While the phrase “creating a business plan” may conjure up feelings of trepidation and dread, it will not be as difficult if you break your business plan down into its more essential parts.
Why Do You Need a Business Plan?
Benjamin Franklin said it best: “If you fail to plan, you are planning to fail.” While a business plan will not guarantee success, failing to have one almost guarantees that you will not find the success you seek.
Remember the roadmap analogy? It is an accurate one to consider. The first thing you need to do before creating the roadmap, though, is to figure out where you are heading.
In order to do that, you should ask yourself four simple questions.
- How do you want your business to look in one year?
- How would you like it to look in three years?
- Where do you want to see your business going in five years?
- What would you like to have accomplished by your tenth year in business?
Seek the answers to those questions, keeping in mind profits, revenues, expansion, growth and other critical drivers and metrics for your business.
What Does a Business Plan Include?
In order to build the roadmap to reach your intended business destinations in a timely manner, you must include key pieces of information and analysis in your plan. The many moving parts of running your business become the fundamental building blocks of your long-term business plan. Consider each of them a pit stop along the road to business success.
Your business concept is a summation of your company in a few concise and simple sentences. It should clearly communicate the idea, design or value proposition behind your business so that a customer, investor or potential partner can quickly grasp what you will do and the value it will provide. Keep the concept statement to one paragraph.
Your business strategy provides the detail on how you will execute the business concept. It describes your industry, explains your product or service, and the critical factors that will drive your business success. Those factors might include such things as your management team, operational plans or cost advantages.
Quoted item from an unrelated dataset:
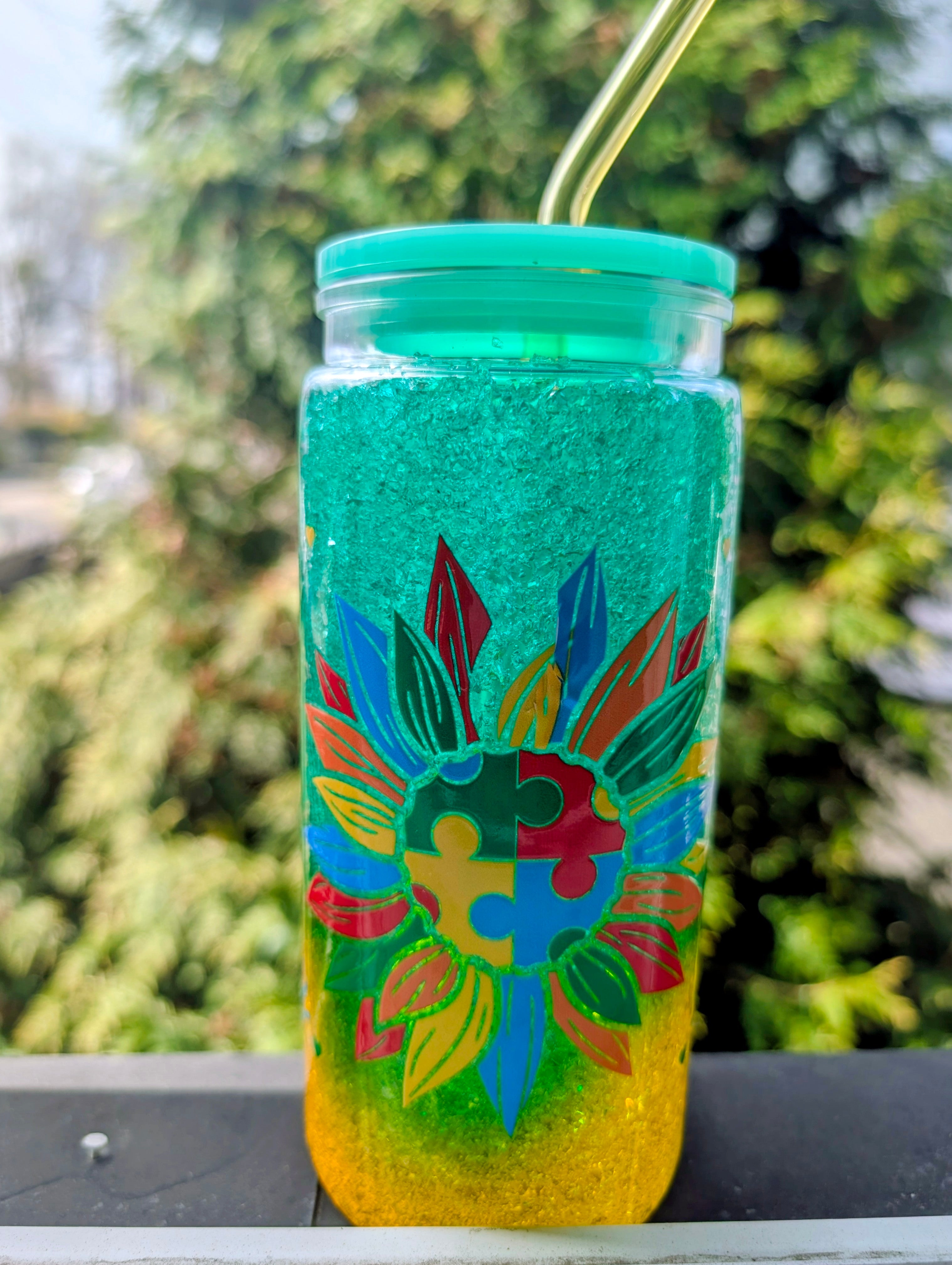20 oz Acrylic Green slushy style Autism! Cup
In essence, it is an executive summary that explains why your business is uniquely suited to succeed.
Specific things you should consider while creating the strategy section of your plan include:
- Products or services offered now.
- Products or services to offer in the future.
- The size of the market.
- How the market is changing.
- Industry trends.
In the market analysis section of your plan, you need to explore the ins and outs of your potential customers or markets.
- Who are they?
- Where are they?
- What motivates them to buy the items or services you offer?
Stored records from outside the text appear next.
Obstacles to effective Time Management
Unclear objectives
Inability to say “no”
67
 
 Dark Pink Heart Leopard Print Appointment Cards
- What do they want or need from you?
- How are you going to attract new customers?
- What do you plan to do to keep them coming back?
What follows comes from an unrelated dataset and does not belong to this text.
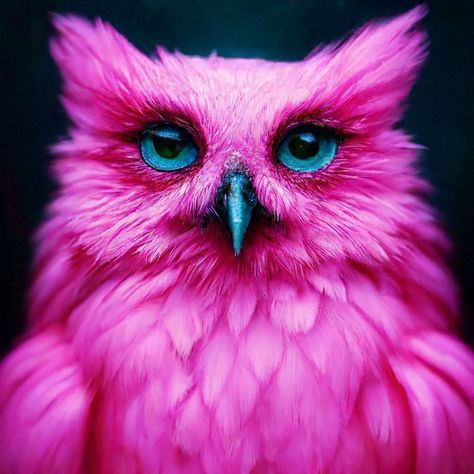 Pink owl looking at you Pink Owl, Everything Pink, Pink, Quick Saves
Most importantly, though, is to answer this one question: “How are you profitably going to meet the needs of your target customer?”
In order to be complete, your marketplace analysis must pay attention to your competitors. This is necessary whether you are an established business looking to expand or a new business interested in taking business away from other established businesses in the area.
Questions to ask yourself here, include:
- How is your business going to succeed in a market that is already being sufficiently served by another business in your industry?
- Is there sufficient demand to bring another business into the market or expand your existing business?
This section of your business plan will look at the financial aspects of your business. As a new business you will need to include:
- Break-even analysis.
- Financial ratio calculations.
- Internal and external funding requirements.
- Projected revenues and profits over one, three, and five-year terms.
Don’t forget to include plans for assets the business needs to acquire and the costs of the marketing plan the business intends to follow coming out of the gate.
Existing businesses need to include cash flow statements, balance sheets, and pro-forma income statements, for example.
Keep in mind, you should provide information that will assist potential lenders (banks and credit unions) and investors in approving loans or green-lighting investments in your business.
Maintaining Your Business Plan
You should not just write a business plan and place it in a drawer. To get the most benefit from it, it should be a dynamic evolving plan. You must adjust your plan as necessary with changing markets, new product concepts, evolving technology, need for additional financing, and goal achievements, just to name a few. An old business plan may not reflect reality any longer, so be sure to revisit your business plan periodically. Having a update checklist helps you to do just that.
In the beginning, making a business plan may seem like a onerous task. It can be simpler if you break it down into its individual components. Once you have a plan in place, you will begin to see the effectiveness of how such a simple business tool can take the guesswork out of starting a business or growing one.